Four real estate trends to watch as economies reopen

After a tumultuous 2020, we identify four main trends that will drive real estate this year and in the decade to come. Capital in search of yield should support current pricing, while specialist segments like laboratories will catch the eye of mainstream investors. Environmental concerns will spur more property refurbishment. Finally, political and inflation risks make knowing one’s tenant a cornerstone of sustainable returns.

1. The ‘gravity’ of yield
The continued monetary support for economies around the world has made bonds yielding more than one per cent ever scarcer.  At the end of 2020, only 38 per cent of global A-rated financial bonds and 45 per cent of A-rated industrial bonds offered more. In contrast, yields on prime real estate assets are around 3 to 4 per cent, often with long, secure income streams from the same companies whose bonds trade well below one per cent.

While some of the yield discount compensates investors for real estate’s illiquidity and depreciation, we believe the real yields on direct real estate will continue to be attractive to many investors relative to other asset classes. This should support continued inflows of capital to real estate markets, particularly the most liquid and transparent markets such as Germany, France and the Netherlands. This capital, when combined with investment deferred from last year, will exert further downward pressure on yields for assets in sectors such as logistics and residential.

The UK may benefit from this trend in 2021. The completion of a free trade deal with the European Union (EU) has removed some perceived risks, particularly around currency. And the roughly 100-basis-point spread between prime assets in the UK and those in similar-sized markets in continental Europe is likely to attract cross-border capital to the UK. Subsectors like last-mile logistics and regional offices are viewed as less exposed to trade disruption and may receive a bigger boost. The impact of non-tariff barriers to trade, however, still needs to play out.

2. Specialist real estate goes mainstream
Mainstream investor interest in specialist real estate sectors, such as data centres, self-storage, life science and healthcare had been growing in the mid-2000s before the 2008 financial crisis reversed much of this activity. But since then these segments have become well established in the real estate investment trust markets. The conditions are ripe for them to benefit from structural trends, such as demographic change and the use of technology, that will act as headwinds for the more traditional sectors of office and retail, which have also been impacted by Covid-19.

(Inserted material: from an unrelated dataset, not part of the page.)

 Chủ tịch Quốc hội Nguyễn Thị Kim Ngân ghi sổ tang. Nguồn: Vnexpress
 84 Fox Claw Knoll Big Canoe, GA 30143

This is not without its challenges. Investors stepping into this area face competition from specialist investors and operators, lot sizes that are either at the small or very large end of the spectrum, as well as risks of obsolescence where building specifications are highly specialised. Nevertheless, assets in these sectors should provide diversification and good growth prospects for investors and we expect to see allocations to these specialist sectors steadily increase.

3. ESG becomes a disruptor
Buying new buildings with excellent green credentials is no longer enough. The industry needs to focus urgently on renovating and modernising the existing stock of buildings. Buildings are responsible for 40 per cent of energy consumption and 36 per cent of CO2 emissions in the EU. To meet the Paris Accord targets, commercial real estate will need to reduce its CO2 by more than 80 per cent by 2050.

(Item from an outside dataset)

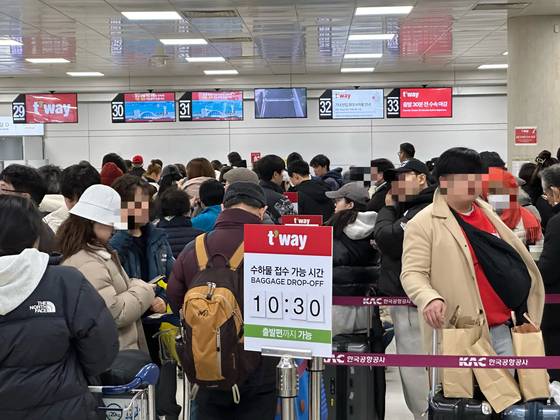 지난 2023년 1월 23일 오전 9시30분쯤 제주국제공항 3층 출발 대합실을 가득 채운 관광객. 이들은 결항한 기존 항공편의 대체 티켓을 구하기 위해 한시간 이상 줄을 서 있다. 최충일 기자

For the real estate industry, the Global Real Estate Sustainability Benchmark (GRESB) rating framework has been key in driving real estate investors to put in place environmental, social and governance (ESG) policies, institute good practice, and capture data on utility use and waste recycling. However, there are growing concerns about ’greenwashing’ and investors are focusing on evidence of clear impacts. We expect new frameworks and targets to emerge to help measure impact, changing the way assets are assessed, monitored and managed.

This shift to a focus on impact may also provide some opportunities. There is evidence that pricing currently reflects a ‘brown discount’ for older assets with no ESG certification, but these properties could potentially deliver measurable impacts if they can be refurbished to good sustainability standards.

4. The importance of ‘know your tenant’
The pandemic focused minds on rent collection and tenant defaults. It showed the importance of a ‘know your tenant’ - or KYT - investment approach for delivering sustainable income. The quality of the asset and the length of the lease are no substitute for a well-capitalised tenant with a good business model in a resilient sector, which will be key to delivering attractive performance throughout the 2020s.

This is because some longer-term themes are coming into view as the focus turns to the reopening of economies. Most immediate is the growing political risk in the eurozone. The resignation of governments in the Netherlands and Italy, a change of leadership in the ruling party in Germany, and preparations for elections in France in 2022 all create uncertainty. The impact of political risk on the way governments chart a path out of lockdown, deliver a fast and effective roll-out of the vaccines and continue to support the economy will affect the speed of recovery.

Inflation is a further risk that may occur within three to five years, following a combination of supportive fiscal and monetary policy, a shift in central banks’ inflation targeting methodology and deglobalisation. Real estate investors need to consider the implications of these risks for portfolio construction, particularly when looking at lease lengths and indexation clauses.